Alexander’s grandfather was a fighter pilot. One day the boy made the mistake of saying that he did not want to grow up to be a “bloody soldier”. His furious grandfather cracked a plate over his head. Alexander enlisted at the age of 17 in the Dzerzhinsky Division and was offered a transfer to the KGB in 1988.

“One day, Sasha called me and said, ‘Listen Dad, I have a suggestion from the KGB that I should join them. What would you say?’ At that time, the KGB had a legendary aura, and I said, ‘Yes, son – go ahead and serve your motherland.’

“He did not talk much about his time with the KGB. What he did say was that he used to infiltrate gangs. On the internet there are reports saying that Sasha used to be a spy. That’s simply a lie. He was mostly in counter-intelligence.”

In 1998, Alexander gave a now famous press conference, alleging that the FSB was forming a hit squad to eliminate political troublemakers, and he had himself been commissioned to kill Boris Berezovsky. He was arrested in 1999.

Mr Litvinenko said: “They lodged six charges against him, but four were dropped. It was obvious that these charges were fabricated. They found a couple of quite ridiculous things. He was accused of pilfering some cans of food, and of slapping someone in the face.

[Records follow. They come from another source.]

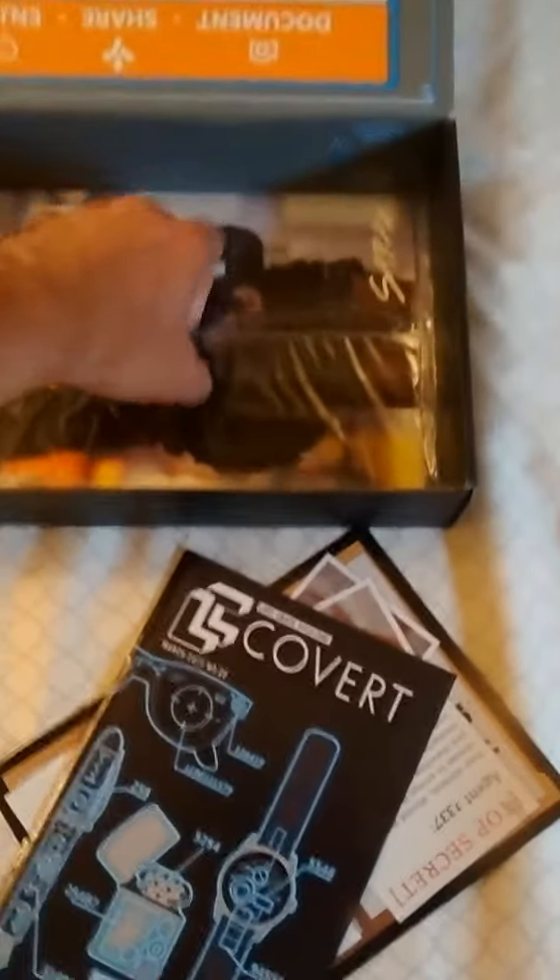Then it came with an exclusive comic of Orphan Black. I've never seen it, but that's really, really cool. I always love photo cover comics, so that's really, really nice. Being an exclusive — I mean, anybody who's a fan of that show, that's great. I don't really know anything about it, but pretty neat little set, especially the t-shirt.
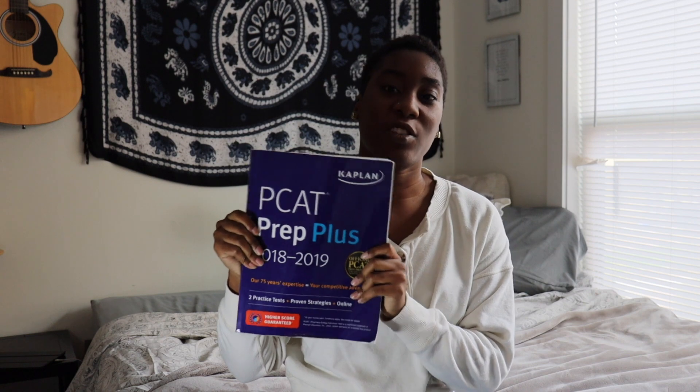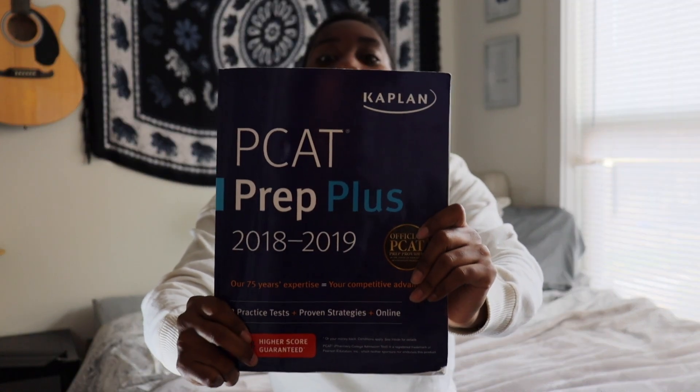The next section is the biology section. What I mainly used to study for biology on the PCAT was Dr. Collins and Kaplan. I'll show you the Kaplan prep book I used to prepare — I took the PCAT twice, in 2019 and 2020. For the biology section, I preferred using Kaplan over Dr. Collins because they've changed the structure of the PCAT so that the biology section is more application-based.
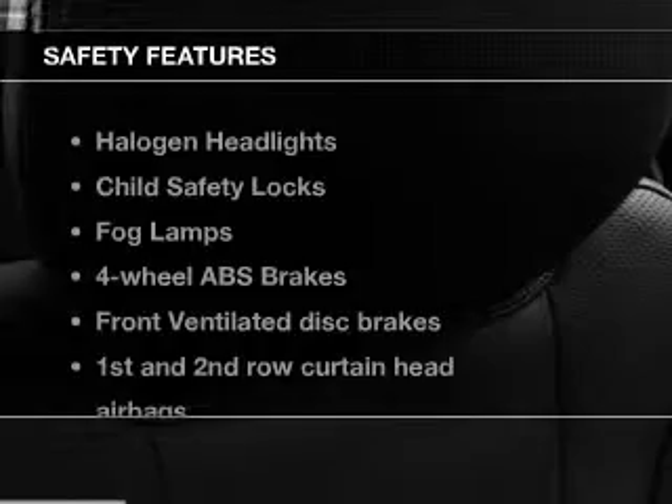Power door locks, power windows, cruise control, Bluetooth wireless, an AM-FM stereo with a CD player, a satellite radio, power mirrors.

“Then they produced a fake video in which a blond man wearing camouflage was beating up a detainee. But thankfully, Alexander’s friends knew about this video and found the original, in which Sasha wasn’t beating up the detainee. That’s when the FSB came to him and said: ‘You have a son. If you produce that video in court, you should be very afraid for your son.’ That was one of the reasons why he decided to run.

“It wasn’t just coincidence that Sasha came to London, and it wasn’t coincidence that he started to fight against one of the most terroristic organisations in the world, which is headed by President Putin. Sasha never betrayed anyone and I say to the people for whom he gave his life ‘Please don’t betray Sasha’.”